Kuruvakotapaty Chinna Linganna v. Alla Mallikarjuna Reddy
2011-03-29
R.KANTHA RAO
body2011
DigiLaw.ai
Judgment : S.A.No.368 of 2006 is filed against the decree and judgment dated 02.01.2006 passed in A.S.No.7 of 2004 by the V Additional District Judge, (Fast Tract Court), Kurnool at Nandyal whereby and whereunder the learned V Additional District Judge reversed the decree and judgment dated 26.12.2003 passed by the Principal Junior Civil Judge, Nandyal in O.S.No.154 of 1998. 2. S.A.No.369 of 2006 is filed against the decree and judgment dated 02.01.2006 passed in A.S.No.6 of 2004 by the V Additional District Judge, (Fast Tract Court), Kurnool at Nandyal whereby and whereunder the learned V Additional District Judge reversed the decree and judgment dated 26.12.2003 passed by the Principal Junior Civil Judge, Nandyal in O.S.No.136 of 1998. 3. These two appeals are between the same parties. The subject matter of dispute being the same and the substantial questions of law that arise for consideration in these second appeals being the same, both these appeals are disposed of by the following common judgment. 4. I have heard Sri K.Rathangapani Reddy, learned counsel appearing for the appellants in both the appeals and Sri G.Ramachandra Reddy, learned counsel appearing for the respondents in both the appeals. 5. O.S.No.136 of 1998 is filed for the relief of permanent injunction in respect of the land of an extent of Ac.1.52 cents in Survey No.195 of Peda Davalam Village, Bandi Atmakur Mandal, locally known as Vegula chenu, hereinafter will be referred to as ‘the schedule mentioned land’, against the defendants 1, 2 and 4 and subsequently, he filed O.S.No.154 of 1998 seeking the relief of specific performance of agreement to sell dated 30.07.1985 against the defendants 1 to 4. 6. The learned trial Court tried both the suits jointly, recorded evidence in O.S.No.136 of 1998 and delivered common judgment referring the parties as plaintiff and defendants, as arrayed in O.S.No.154 of 1998. For the sake of convenience, I would like to refer the parties in the same fashion. 7. The brief facts relevant for considering the substantial questions of law involved in these second appeals are stated as follows: 8. The plaintiff purchased the schedule mentioned land under an agreement to sell dated 30.07.1985 from the defendants 1 and 2, who executed the agreement to sell in his favour by receiving the entire sale consideration on the same day. The plaintiff was put in possession of the schedule mentioned land under Ex.A.1-agreement to sell dated 30.07.1985.

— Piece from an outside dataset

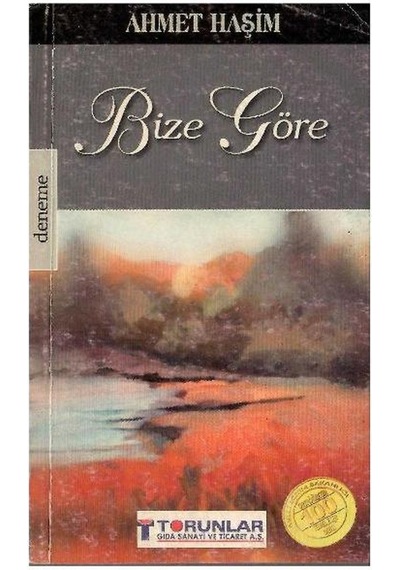 Bize Göre - Ahmet Haşim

The plaintiff purchased the schedule mentioned land under an agreement to sell dated 30.07.1985 from the defendants 1 and 2, who executed the agreement to sell in his favour by receiving the entire sale consideration on the same day. The plaintiff was put in possession of the schedule mentioned land under Ex.A.1-agreement to sell dated 30.07.1985. According to the plaintiff, Sri Karimaddela Sivalingam, 4th defendant, having colluded with the defendants 1 and 2 tried to trespass in to the schedule mentioned land, then he filed O.S.No.136 of 1998 seeking the relief of permanent injunction against the defendants 1, 2 and 4. Subsequently, he also filed O.S.No.154 of 1998 seeking specific performance of contract in terms of Ex.A.1-agreement to sell, dated 30.07.1985 against the defendants 1 to 4. Both the suits are based on Ex.A.1-agreement to sell, dated 30.07.1985 said to have been executed by the defendants 1 and 2. 9. Before the trial Court, PWs.1 to 3 were examined and Exs.A.1 to 15 were marked on behalf of the plaintiff. Whereas, DWs.1 to 4 were examined and Exs.B.1 to 19 were marked on behalf of the defendants. 10. The learned Principal Junior Civil Judge, Nandyal, decreed both the suits granting relief of specific performance in O.S.No.154 of 1998 and also granting the relief of permanent injunction in O.S.No.136 of 1998 against the defendants. In both the suits, the first defendant remained ex parte. The learned trial Court basing on the evidence of PW.1-plaintiff, PW.2-scribe of Ex.A.1-agreement to sell, dated 30.07.1985, PW.3-attestor of Ex.A.1 held that Ex.A.1-agreement to sell, dated 30.07.1985 is proved by the plaintiff and that the plaintiff was put in possession of the schedule mentioned land under the said agreement by the defendants 1 and 2 after receiving entire sale consideration. The learned trial Court as well as the first appellate Court, concurrently held that Ex.A.1-agreement to sell, dated 30.07.1985 is true and valid. The theory put-forth by the second defendant was rejected by both the Courts below. Subsequently, the defendants 1 and 2 executed Ex.B.19-registered sale deed, dated 30.03.1998 in favour of the 4th defendant in respect of the suit land.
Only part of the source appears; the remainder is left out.